**Exercise inputs**.
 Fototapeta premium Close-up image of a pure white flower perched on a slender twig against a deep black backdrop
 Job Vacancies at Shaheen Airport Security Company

* * *

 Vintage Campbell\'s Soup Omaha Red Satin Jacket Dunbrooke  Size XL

* * *

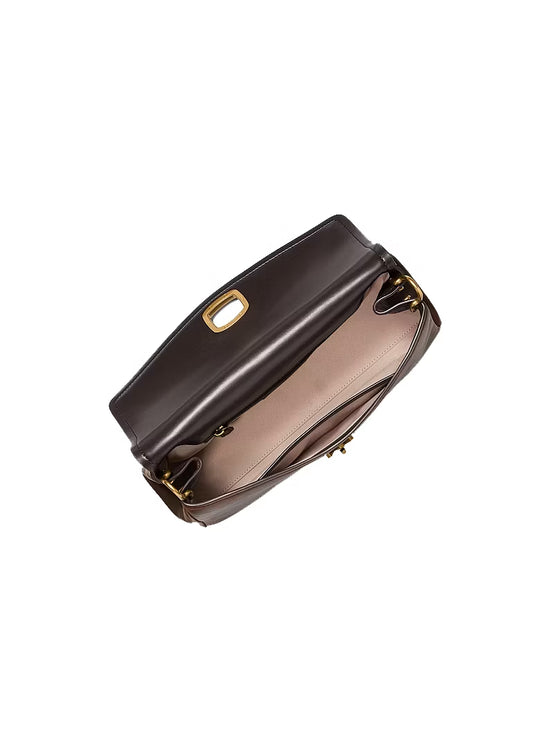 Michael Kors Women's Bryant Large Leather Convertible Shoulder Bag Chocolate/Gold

**Assignment**.
With the line holding "Fototapeta premium Close-up" as the first and the line holding "Job Vacancies at" as the last, set down that range of the entries above exactly, and nothing else.

**Exercise solution**.
 Fototapeta premium Close-up image of a pure white flower perched on a slender twig against a deep black backdrop
 Job Vacancies at Shaheen Airport Security Company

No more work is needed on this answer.